Só não dá pra entender essas pessoas que cobram coerência e purismo do PT, indignam-se porque o PT trai seus princípios, alardeiam que o PT ficou igual a todos os outros, por isso não cogitam sob hipótese alguma votar em um petista, mas não vêem problema algum em votar “nos outros”. A cobertura jornalística cria um ambiente que sugere exatamente este esquema interpretativo: o PT representa o voto corrupto, os outros representam o voto ético. Ainda que o DEM seja diretamente responsável por todos os desmandos que poluíram o Senado, ainda que senadores do DEM, Heráclito Fortes e ACM Júnior, tenham fugido da votação no Conselho de Ética, para não serem publicamente responsabilizados, não importa. Afinal, é o PT o “fiel da balança”. É sobre o PT e os outros aliados do Governo Lula que recai toda a responsabilidade pela lama do parlamento brasileiro. O Arnaldo Jabor vem à TV para dizer que é “esta turma do PT e do PMDB” quem está desmoralizando a verdade e até a mentira. Como sempre, os jornais precisam apontar como responsáveis cabais, o PT e o Lula.

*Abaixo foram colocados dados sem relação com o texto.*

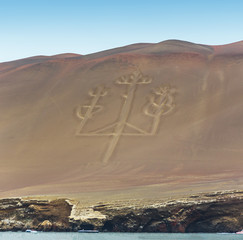 Ancient large-scale geoglyph Candelabrum figure in Paracas national park. It is a designated UNESCO World Heritage Site - Peru, South America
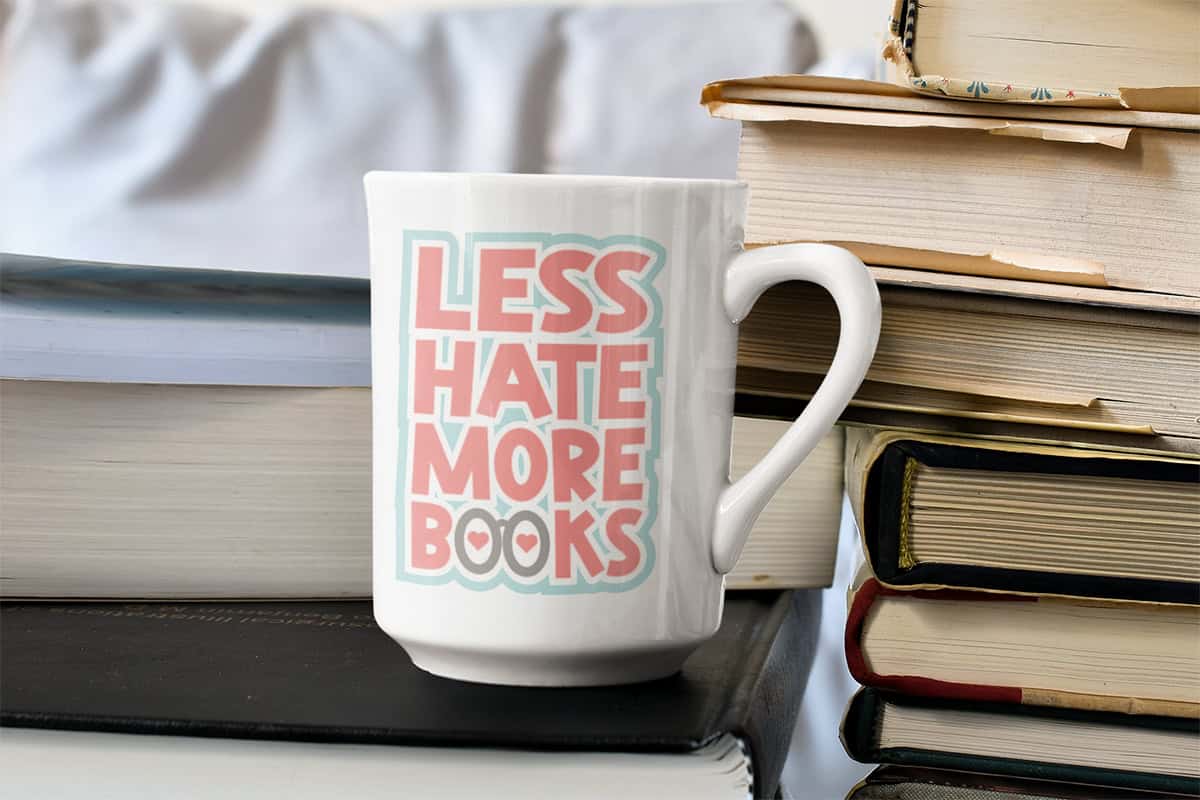 A white mug with "Less Hate More Books" printed in pastel colors is placed beside a stack of books.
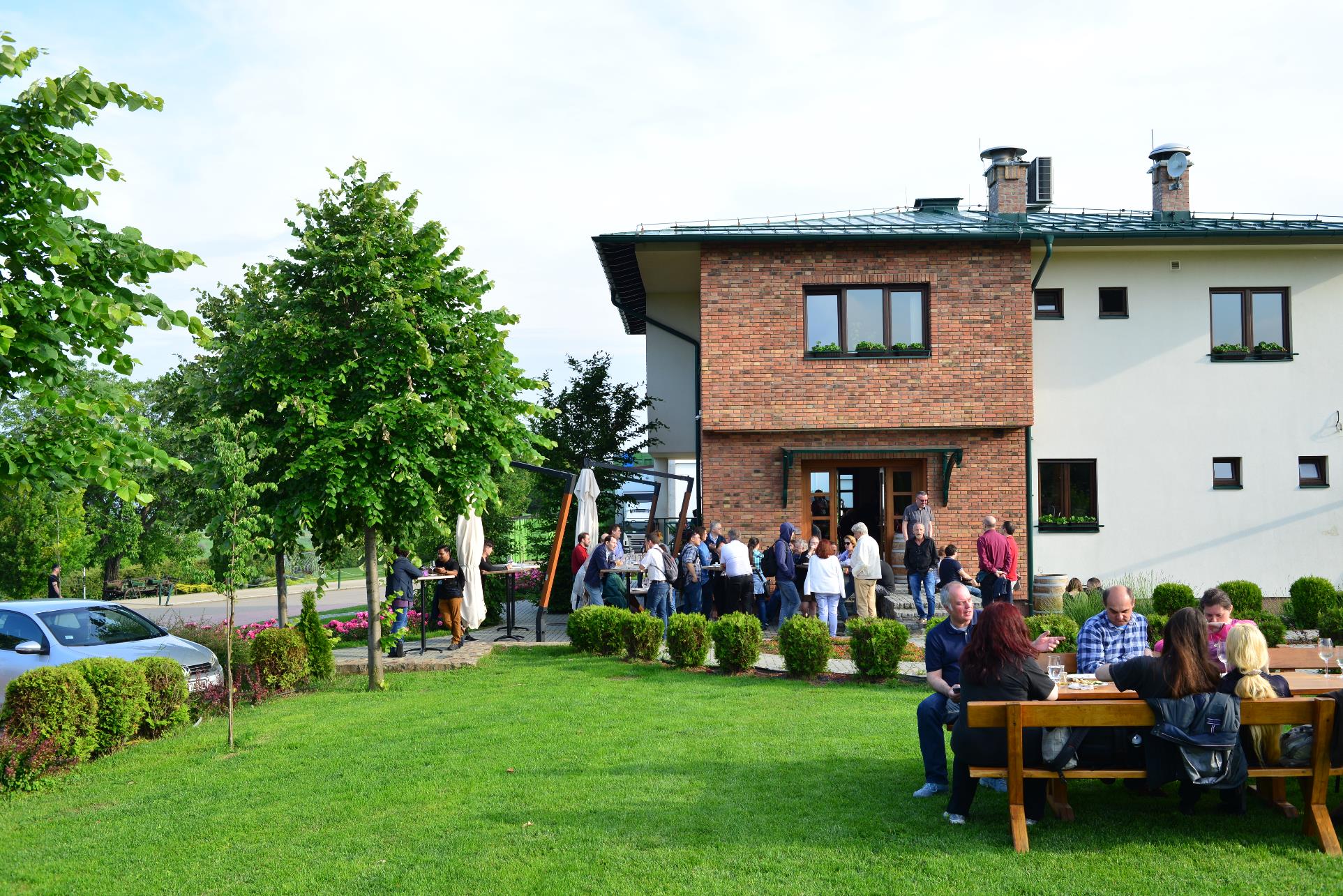 A group of people sitting in front of a house

Description automatically generated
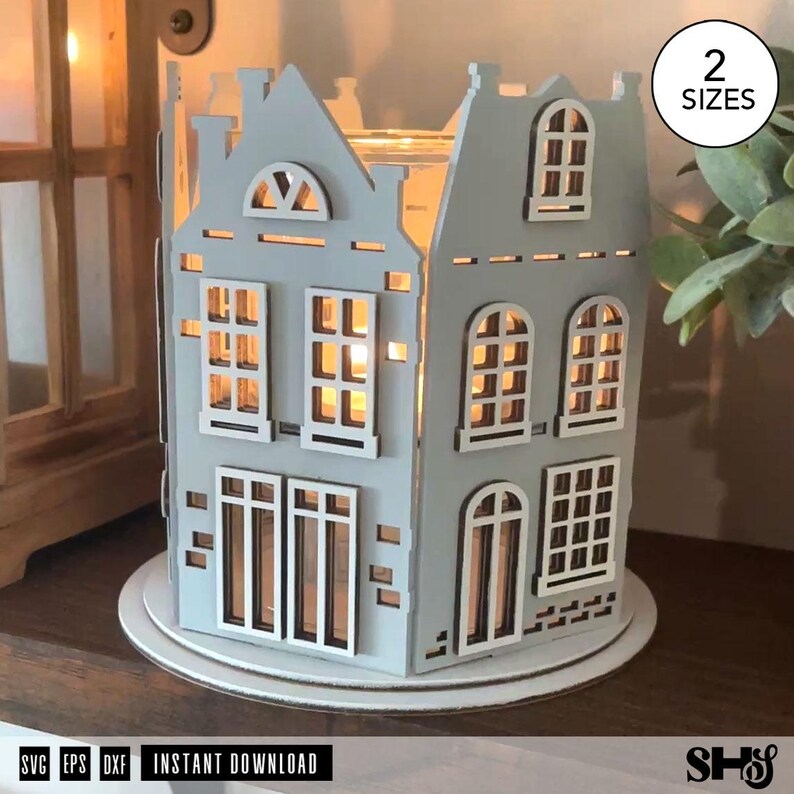 May include: A light gray laser-cut wooden house-shaped lantern featuring multiple windows and a gabled roof design. The structure is illuminated from within, casting a warm glow through the cutouts. A circular white base supports the house.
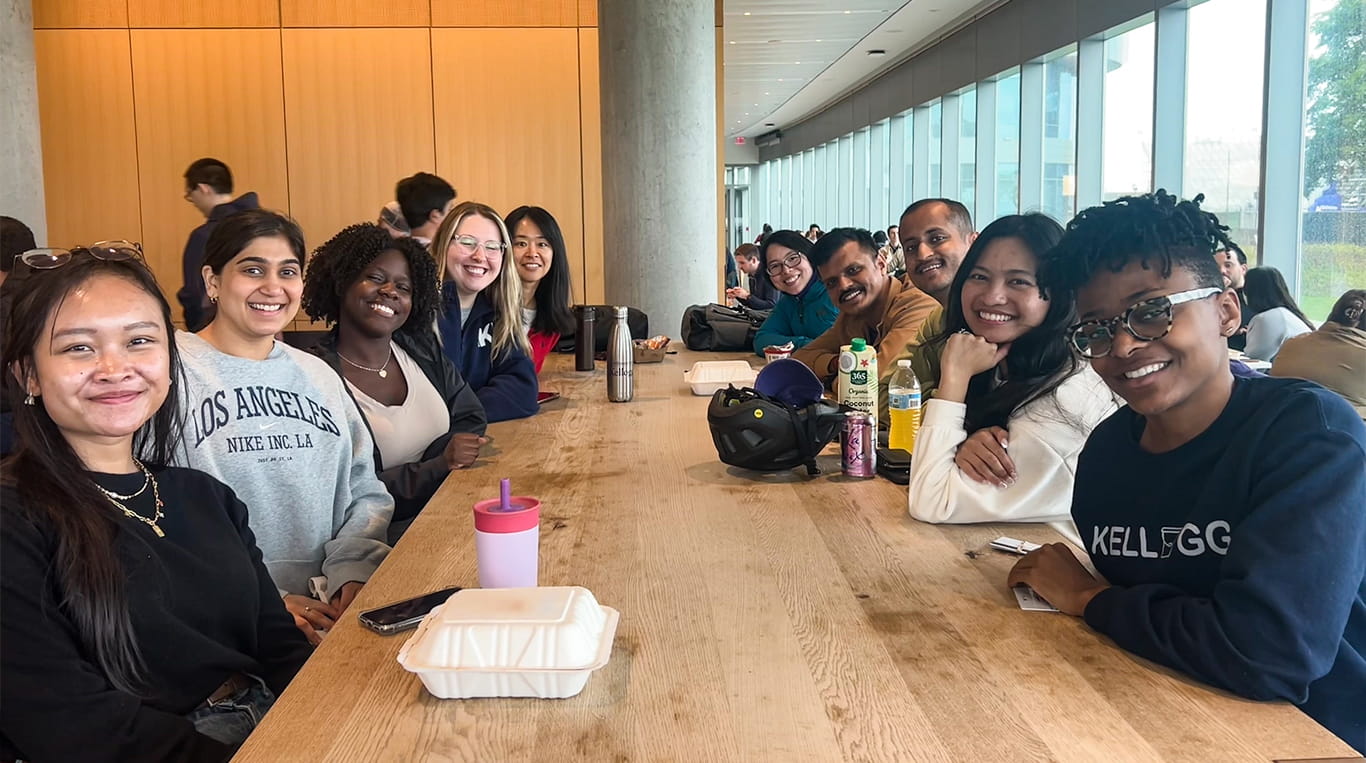 Kellogg MBA students sitting at a long table at the Global Hub's cafeteria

Desta maneira, em uma eleição altamente polarizada, Serra – o candidato tucano – torna-se automaticamente o candidato limpo, decente, ético. Ainda que o Governador paulista também tenha o PMDB como aliado em seu estado. Aliás, qual chefe do executivo pode prescindir do apoio do PMDB neste país? Pouquíssimos. Contamos nos dedos. E, no caso de Serra, a situação não é mais amena que a de Lula. Serra está de braços dados com Orestes Quércia, uma figura não menos obscura que José Sarney. Para garantir o apoio PMDBista a Kassab, nas eleições municipais do ano passado, Serra prometeu a Quércia uma das candidatura ao Senado, na chapa tucana de 2010. Quércia, do mesmíssimo PMDB, quando foi governador, era combatido pelos tucanos e hoje percorre o Brasil para conquistar apoio ao presidenciável do PSDB. Nada disso justifica o que fez o PT no Conselho de Ética no Senado. Mas, se quiserem tratar o problema na base dos éticos versus não-éticos, é bom saber que o buraco é mais embaixo. Quem fará os julgamentos será o povo. E é sempre a população mesmo quem tem os melhores critérios e balizadores para avaliar as opções dos governantes.